2014-11-05-hilliaryclinton_twitter_account.jpg

And what is her last tweet? Oct 25, 2014: "New @oppnation data shows encouraging news on youth employment, but so much more to do. Read more about #JobOne here: http://bit.ly/1wa28XO " Click the link and you go to the Clinton Foundation. A narrative begins to form as you scrolling through her feed.

Didn't she go all over the country campaigning for people running for office? Not one image of any of her trips exists on her twitter feed. You would think that, at least, she'd have a pic of her and Kay Hagan -- but nope. Most people post 2 or 3 pictures when they go to the grocery store, so why is Clinton not showing us her trips to North Carolina, Kentucky and everywhere else? Does she have more important things to do than to be social on social media?

There is a wonderfully beautiful picture of her holding her grandchild that I personally love, but that's not enough to create a sense of community. If she wants to represent the people of the United States, why doesn't she snap a shot of herself every now with the people she meets or supports across America?

A visit to her official website makes me think she's using the same online strategist as Michelle Nunn. The front page is a portrait of Clinton looking into the distance with nothing else except a button labeled "Contact." Click on the Contact button and you have to give her all your personal information (name, address, email, phone number organization and the purpose for wanting to contact her), and still you don't get access to the website. What if you just wanted to see if she had an Instagram account and read about her position on education? Too bad. Based on Clinton's online profile alone, she'll lose the White House by 8 points.

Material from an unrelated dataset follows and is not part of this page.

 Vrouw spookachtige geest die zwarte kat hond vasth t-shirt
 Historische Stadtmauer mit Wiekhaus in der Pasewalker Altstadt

It's a similar story for other frontrunners. Martin O'Malley, Ed Rendell, Bernie Sanders, Joe Biden and Jim Webb -- to name a few. They all miss the point about online presence. All of their websites have the same mistakes as those campaigns that failed last night. They don't express themselves as people, but only as politicians. They don't seem as interested in representing you as they do in just having you to vote for them. There's a big difference between the two. Republicans don't have to perform well online. They have a different demographic and a different voice. If the 2016 campaign is fought on the airwaves and through emails or mailings, the White House will go red. And maybe that's a good thing. Maybe we need a Jeb Bush, Chris Christie, Ted Cruz or Rick Santorum to run the show for four to eight years. All you have to do to know the future is follow the Democrats online.